SecurityFebruary 1, 2025·6 min read

What is End-to-End Encryption in Email? A Plain-English Guide

You've heard the term, but what does end-to-end encryption in email actually mean? We explain exactly how it works, why it matters, and why most popular email services don't offer it.

End-to-end encryption is one of the most important security concepts in modern digital communication — and one of the most misunderstood. This guide explains exactly what it means, how it works, and why you should care deeply about whether your email provider offers it.

The Simple Explanation

Imagine you write a letter, seal it in an envelope, and hand it to a courier. With ordinary email, the courier can open your envelope, read the letter, make a copy, and re-seal it before delivering it — and you would never know. With end-to-end encryption, your letter is written in a code that only you and the intended recipient can decode. The courier physically cannot read it.

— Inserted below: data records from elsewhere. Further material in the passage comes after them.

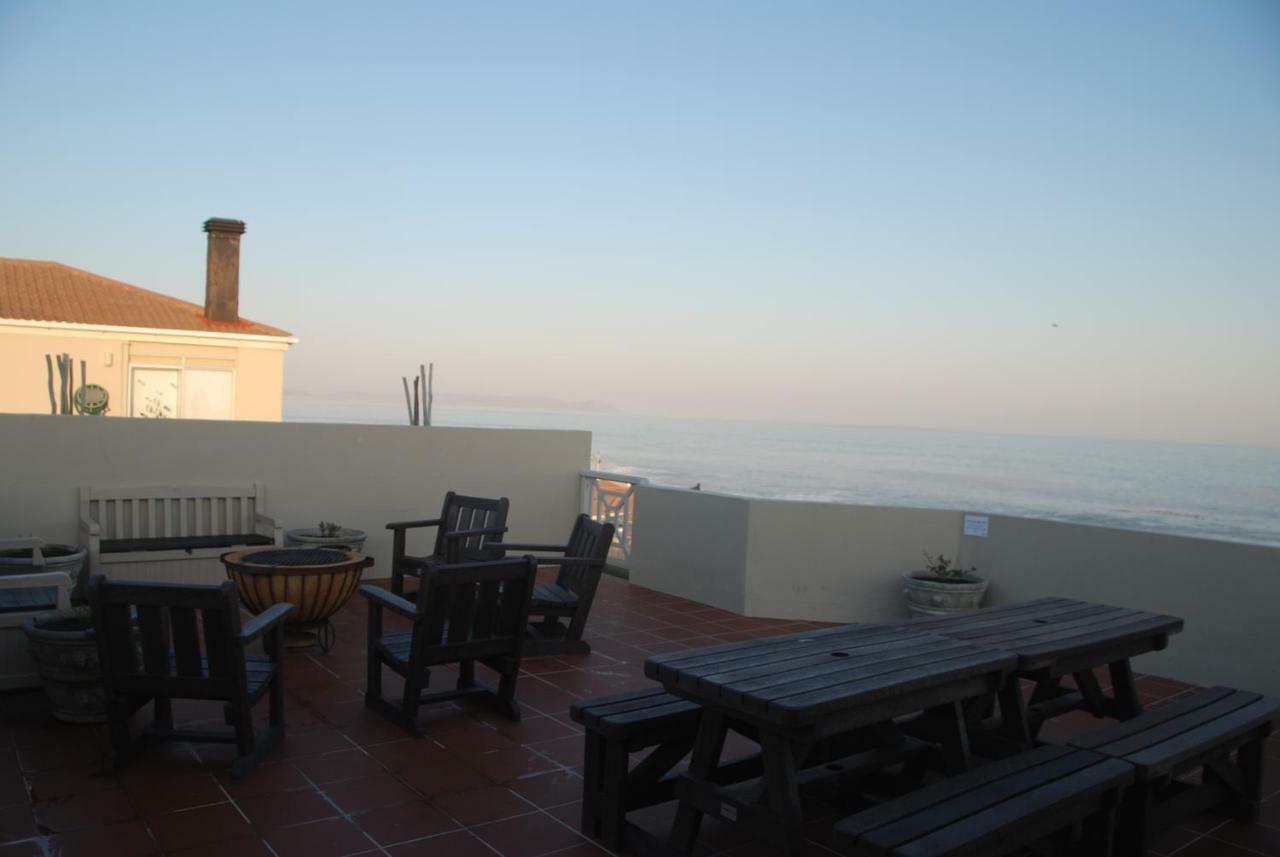 Nothing But View Apartment Hermanus Exterior photo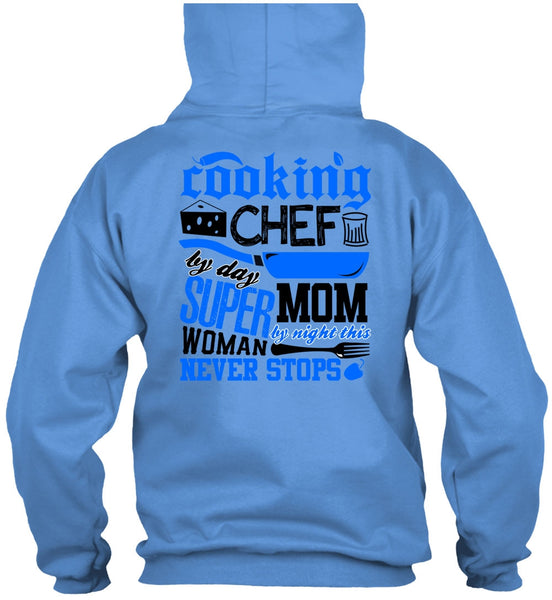 Cooking Chef By Day T Shirt, I Love Chef T Shirt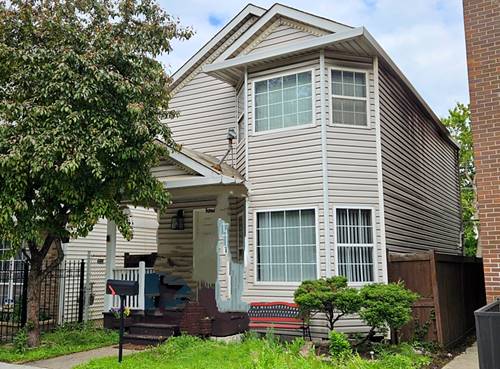1703 S Ruble, Chicago, IL 60616
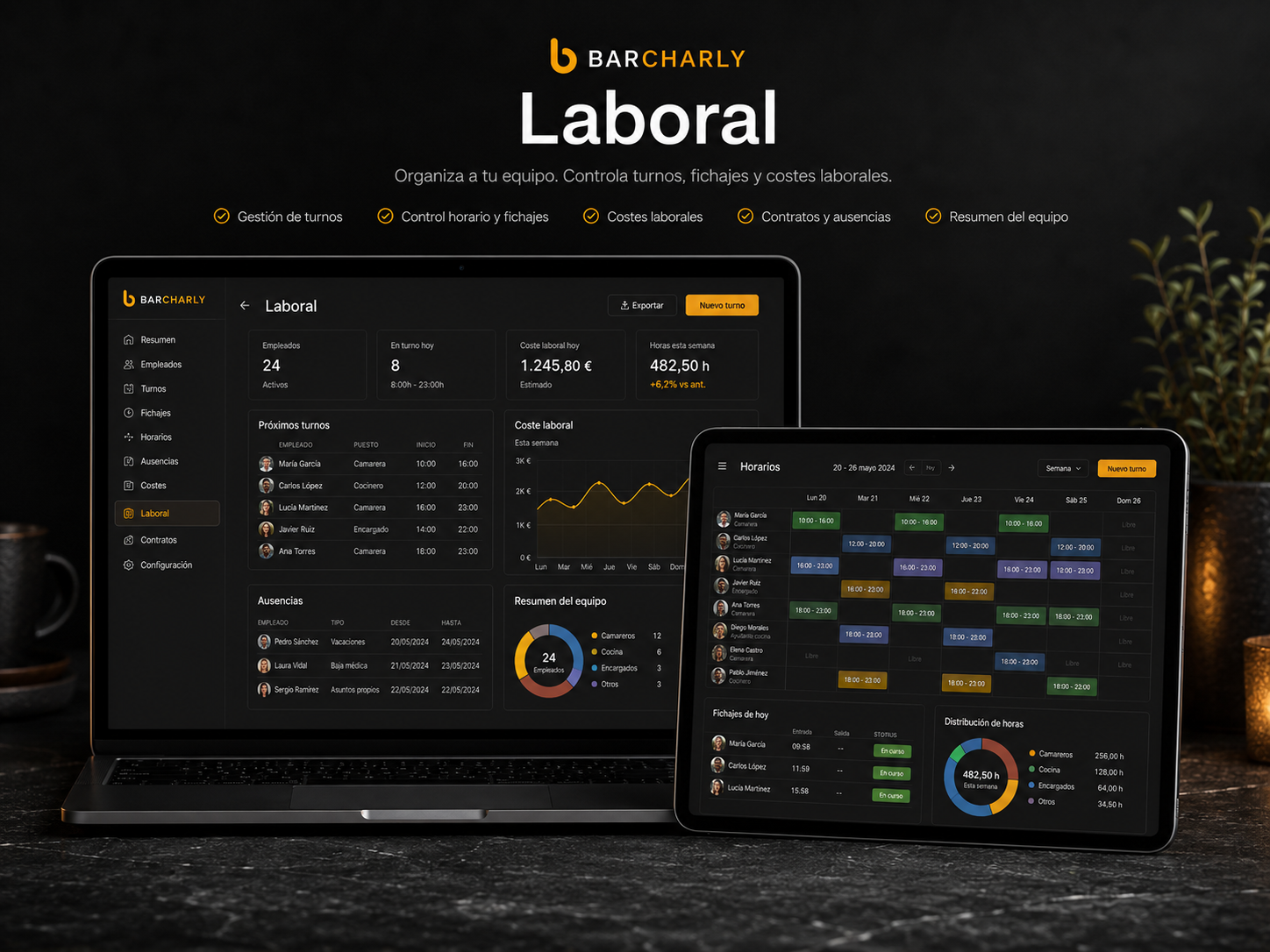 Laboral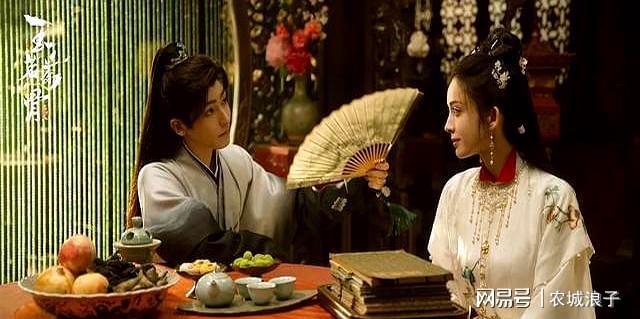 正在热播的五部电视剧《剥茧》排在第三你在追哪一部？(图2)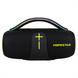 Bluetooth колонка Hopestar H85 (70W/TWS/IPX6/RGB/8800mAh) Чорна (Black) 153875 фото 1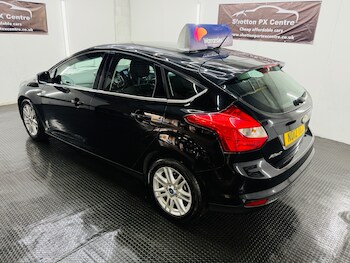 Used Ford Focus 2012 for sale - 78403034: Photo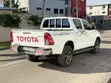 New Toyota Hilux Active 2026 White - 5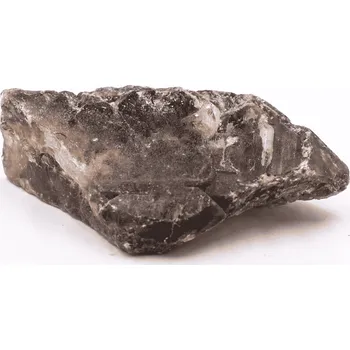 Přírodní kámen Milujeme Kameny Křišťál a záhněda Elestial - drúza ZAK7 497251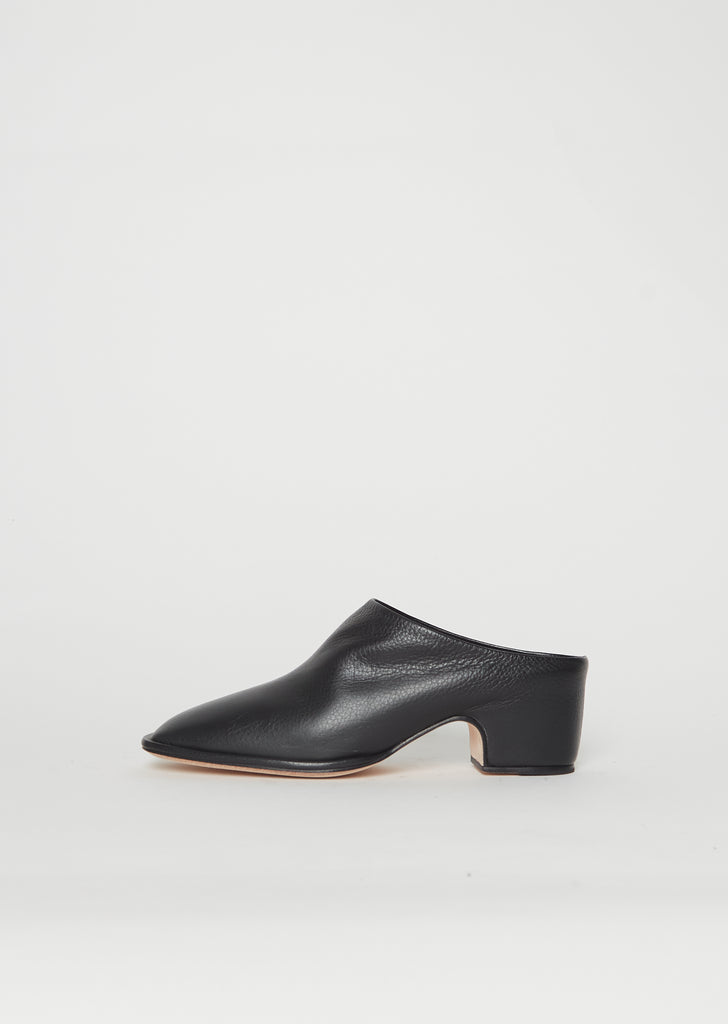 Square Arch Mule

That is end-to-end encryption. The "ends" are your device and your recipient's device. Between those two endpoints, the message is unreadable to everyone — including the email provider that carries it.

How It Actually Works

End-to-end encryption in email uses a system called public-key cryptography. Here is how it works:

  1. Every user has two mathematically linked keys: a public key (shared openly) and a private key (never shared).
  2. When you send an email to someone, your client encrypts it using their public key.
  3. The encrypted message travels across the internet in an unreadable form.
  4. When it arrives, only the recipient's private key — which only they hold — can decrypt and read it.

Even if an attacker intercepts the message in transit, or if the email provider's servers are compromised, the encrypted content remains unreadable without the private key.

Why Most Email Services Don't Truly Offer It

Gmail, Outlook, and most mainstream email services advertise that they encrypt your data — but this is not the same as end-to-end encryption. What they actually offer is called "encryption in transit" or "encryption at rest," which means:

  • Your emails are encrypted while travelling between servers.
  • Your emails are stored in an encrypted format on the server.
  • But the email provider holds the encryption keys — meaning they can decrypt and read your emails whenever they choose to.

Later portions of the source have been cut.